───── EXTRACTED RECORDS
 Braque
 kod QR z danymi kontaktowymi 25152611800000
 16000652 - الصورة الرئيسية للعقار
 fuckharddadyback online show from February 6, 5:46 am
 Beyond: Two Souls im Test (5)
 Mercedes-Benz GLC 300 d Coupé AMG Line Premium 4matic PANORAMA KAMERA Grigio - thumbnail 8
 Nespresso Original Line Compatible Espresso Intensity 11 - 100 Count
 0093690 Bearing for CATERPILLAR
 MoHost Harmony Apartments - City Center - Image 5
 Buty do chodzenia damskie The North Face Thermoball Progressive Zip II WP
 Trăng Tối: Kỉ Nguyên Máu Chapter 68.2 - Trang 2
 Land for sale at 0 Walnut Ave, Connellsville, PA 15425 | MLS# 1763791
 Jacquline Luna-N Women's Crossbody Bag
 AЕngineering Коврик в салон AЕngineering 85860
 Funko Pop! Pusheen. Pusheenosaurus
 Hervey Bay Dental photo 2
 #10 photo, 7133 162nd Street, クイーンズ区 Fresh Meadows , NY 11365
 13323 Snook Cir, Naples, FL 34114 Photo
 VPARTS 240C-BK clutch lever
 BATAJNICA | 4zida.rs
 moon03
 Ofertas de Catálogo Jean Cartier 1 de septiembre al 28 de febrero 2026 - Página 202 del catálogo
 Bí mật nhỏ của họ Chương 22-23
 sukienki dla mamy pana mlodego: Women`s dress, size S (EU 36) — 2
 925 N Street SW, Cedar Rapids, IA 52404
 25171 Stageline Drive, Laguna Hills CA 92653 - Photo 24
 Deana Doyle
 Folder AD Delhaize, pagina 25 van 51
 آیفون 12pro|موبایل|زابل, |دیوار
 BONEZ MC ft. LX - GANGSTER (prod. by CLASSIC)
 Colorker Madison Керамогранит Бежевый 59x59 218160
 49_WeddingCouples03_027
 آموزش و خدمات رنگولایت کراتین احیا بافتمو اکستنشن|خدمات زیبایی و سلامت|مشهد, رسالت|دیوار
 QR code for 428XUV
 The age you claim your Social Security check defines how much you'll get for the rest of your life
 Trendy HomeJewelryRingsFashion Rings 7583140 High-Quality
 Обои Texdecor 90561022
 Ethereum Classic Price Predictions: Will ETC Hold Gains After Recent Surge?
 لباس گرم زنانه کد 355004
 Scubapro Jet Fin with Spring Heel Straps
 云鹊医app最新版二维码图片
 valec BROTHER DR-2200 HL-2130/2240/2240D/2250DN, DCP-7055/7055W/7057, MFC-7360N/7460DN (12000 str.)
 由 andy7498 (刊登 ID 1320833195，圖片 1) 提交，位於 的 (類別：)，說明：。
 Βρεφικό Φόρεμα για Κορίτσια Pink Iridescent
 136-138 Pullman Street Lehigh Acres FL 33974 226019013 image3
──────────
Wherever a line of the records above contains the string "Women", copy that line out.

**EXERCISE OUTPUT**
 Jacquline Luna-N Women's Crossbody Bag
 sukienki dla mamy pana mlodego: Women`s dress, size S (EU 36) — 2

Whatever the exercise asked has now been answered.